PEG represents: RO (CH)₂CH₂O)n-CH₂CH₂R is H or CH₃N is 5-1000; cys is cysteine, covalently linked to the M group by a side chain thioether atom.

The polyethylene glycol derivative of human PTH (1-34) of the present invention is also a compound having the structure of formula (II), including compounds modified with PEG-MAL, PEG-VS or PEG-IODO after introduction of cysteine at the C-terminus of human PTH (1-34):

PTH(1-34)-Cys-M-PEG (II)

PEG, Cys and M are as defined for formula (I).

The polyethylene glycol derivative of human PTH (1-34) of the present invention is also a compound having the structure of formula (III), comprising a PEG covalent compound of amino groups including N-terminal amino group and lysine side chain amino group at any site of human PTH (1-34).

[PEG-X-(CH₂)mCO-NH]z-PTH(1-34) (III)

PEG is defined by the same formula (I); x ═ O, NH or NHCO; m is 0-6; and z is 1-4.

The polyethylene glycol derivative of human PTH (1-34) of the present invention is also a compound having the structure of formula (IV), including compounds in which the carboxyl group at any site of human PTH (1-34), including the C-terminal carboxyl group, the carboxyl groups of the side chains of aspartic acid and glutamic acid, is covalently modified with PEG.

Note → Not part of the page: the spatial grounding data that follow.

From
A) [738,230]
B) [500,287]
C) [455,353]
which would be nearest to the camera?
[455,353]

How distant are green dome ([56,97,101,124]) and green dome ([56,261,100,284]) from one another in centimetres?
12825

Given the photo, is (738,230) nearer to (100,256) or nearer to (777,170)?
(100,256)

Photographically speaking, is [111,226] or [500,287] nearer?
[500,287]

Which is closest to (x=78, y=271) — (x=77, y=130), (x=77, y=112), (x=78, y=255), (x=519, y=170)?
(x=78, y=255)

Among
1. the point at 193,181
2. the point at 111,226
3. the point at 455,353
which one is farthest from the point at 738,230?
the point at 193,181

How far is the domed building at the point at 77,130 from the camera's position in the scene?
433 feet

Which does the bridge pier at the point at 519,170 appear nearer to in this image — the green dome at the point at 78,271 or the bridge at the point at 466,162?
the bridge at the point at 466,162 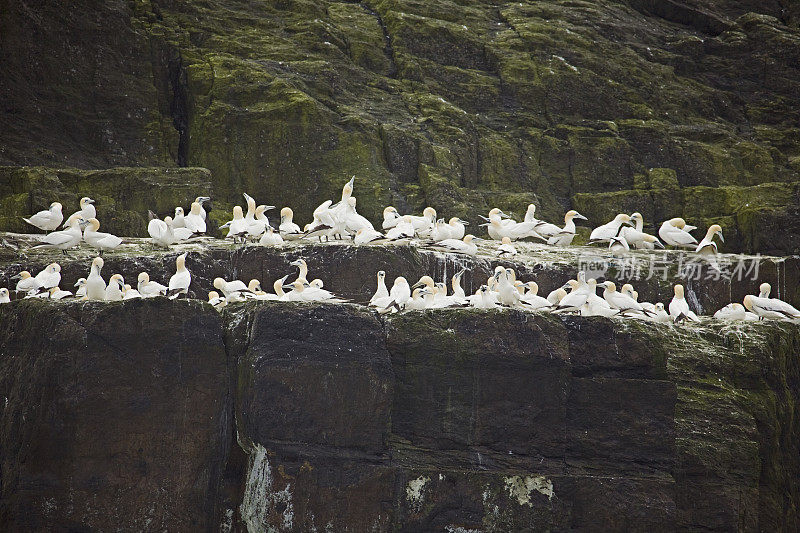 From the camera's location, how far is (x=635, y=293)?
21344 mm

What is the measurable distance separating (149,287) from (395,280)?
469 centimetres

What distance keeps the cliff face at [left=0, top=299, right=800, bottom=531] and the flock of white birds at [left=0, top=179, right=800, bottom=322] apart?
1.25 meters

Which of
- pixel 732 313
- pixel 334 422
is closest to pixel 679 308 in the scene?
pixel 732 313

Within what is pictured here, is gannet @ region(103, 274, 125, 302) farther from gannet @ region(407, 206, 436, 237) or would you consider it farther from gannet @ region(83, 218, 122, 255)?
gannet @ region(407, 206, 436, 237)

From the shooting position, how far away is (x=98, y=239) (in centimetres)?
2064

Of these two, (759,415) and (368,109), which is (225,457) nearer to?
(759,415)

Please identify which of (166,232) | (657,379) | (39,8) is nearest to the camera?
(657,379)

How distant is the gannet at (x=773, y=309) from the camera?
2053 centimetres

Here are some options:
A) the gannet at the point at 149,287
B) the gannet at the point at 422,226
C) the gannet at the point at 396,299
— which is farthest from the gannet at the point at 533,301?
the gannet at the point at 149,287

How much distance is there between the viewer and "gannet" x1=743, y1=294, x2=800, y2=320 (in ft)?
67.4

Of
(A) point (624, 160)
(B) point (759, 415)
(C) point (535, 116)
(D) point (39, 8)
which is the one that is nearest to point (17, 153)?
(D) point (39, 8)

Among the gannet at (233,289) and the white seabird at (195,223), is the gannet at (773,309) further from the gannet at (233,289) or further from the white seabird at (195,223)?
the white seabird at (195,223)

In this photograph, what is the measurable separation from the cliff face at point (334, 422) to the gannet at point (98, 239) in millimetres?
4240

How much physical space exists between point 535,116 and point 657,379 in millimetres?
18079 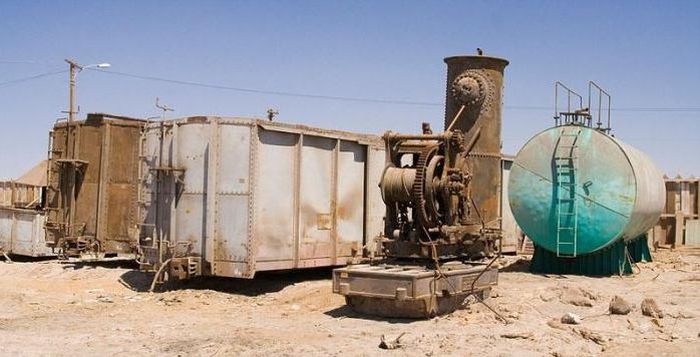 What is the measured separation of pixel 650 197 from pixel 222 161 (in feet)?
32.5

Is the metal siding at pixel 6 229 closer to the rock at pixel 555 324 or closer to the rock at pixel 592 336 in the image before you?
the rock at pixel 555 324

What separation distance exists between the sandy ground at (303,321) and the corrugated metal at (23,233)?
4494 millimetres

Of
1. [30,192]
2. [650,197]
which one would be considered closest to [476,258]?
[650,197]

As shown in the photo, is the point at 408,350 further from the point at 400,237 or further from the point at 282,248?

PTH(1-34)-[CO-Y-PEG]z (IV)

PEG is defined by the same formula (I); y is O or NH, and z is 1-5.

Another object of the present invention is to provide a process for the preparation of pegylated derivatives of human PTH (1-34).

The PEG-OH structure used by the invention is as follows: RO (CH)₂CH₂O)n-CH₂CH₂-OH, R ═ H orCH₃And n is 5-1000. PEG-OH with an average molecular weight of several hundred to several tens of thousands is commercially available as a commercial reagent, PEG-NH₂Can be purchased or obtained by the following reaction:

adding PEG-NH₂Respectively reacting with maleic anhydride, vinyl thionyl chloride and iodoacetic anhydride to obtain PEG-MAL, PEG-VS and PEG-IODO. PEG-MAL was obtained by the following reaction:

PTH (1-34) can be synthesized by solid-phase or liquid-phase peptide synthesis, in which a Cys is easily introduced at the N-or C-terminus. Dissolving the peptide chain containing Cys in water, adjusting pH with sodium bicarbonate 7-8, adding 3 times equivalent of PEG-MAL or PEG-VS and PEG-IODO, stirring at room temperature for reaction, and purifying with reversed phase high performance liquid chromatography to obtain PEG modified PTH (1-34) derivative.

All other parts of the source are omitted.